_Work order_.
Reproduce exactly the lines below, from the first through the one containing "Taken down by", and nothing more.
── Input ──
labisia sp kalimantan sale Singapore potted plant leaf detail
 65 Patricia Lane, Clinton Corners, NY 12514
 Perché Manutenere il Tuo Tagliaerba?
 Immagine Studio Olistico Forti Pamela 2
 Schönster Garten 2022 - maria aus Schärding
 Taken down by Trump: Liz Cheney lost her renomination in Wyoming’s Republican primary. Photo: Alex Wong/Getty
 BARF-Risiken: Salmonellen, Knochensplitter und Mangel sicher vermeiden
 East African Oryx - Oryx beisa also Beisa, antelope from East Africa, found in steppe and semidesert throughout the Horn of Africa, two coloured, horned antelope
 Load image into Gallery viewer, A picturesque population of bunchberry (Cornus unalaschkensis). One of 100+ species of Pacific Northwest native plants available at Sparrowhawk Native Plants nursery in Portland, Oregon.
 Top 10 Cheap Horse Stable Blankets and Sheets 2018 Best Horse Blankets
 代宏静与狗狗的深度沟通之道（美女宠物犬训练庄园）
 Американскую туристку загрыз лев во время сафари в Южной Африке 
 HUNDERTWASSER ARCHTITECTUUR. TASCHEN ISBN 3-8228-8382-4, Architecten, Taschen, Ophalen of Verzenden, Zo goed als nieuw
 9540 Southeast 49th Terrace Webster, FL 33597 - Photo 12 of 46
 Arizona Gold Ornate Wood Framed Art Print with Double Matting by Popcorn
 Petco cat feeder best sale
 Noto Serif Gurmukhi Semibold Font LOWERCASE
───
_Answer for this exercise_.
labisia sp kalimantan sale Singapore potted plant leaf detail
 65 Patricia Lane, Clinton Corners, NY 12514
 Perché Manutenere il Tuo Tagliaerba?
 Immagine Studio Olistico Forti Pamela 2
 Schönster Garten 2022 - maria aus Schärding
 Taken down by Trump: Liz Cheney lost her renomination in Wyoming’s Republican primary. Photo: Alex Wong/Getty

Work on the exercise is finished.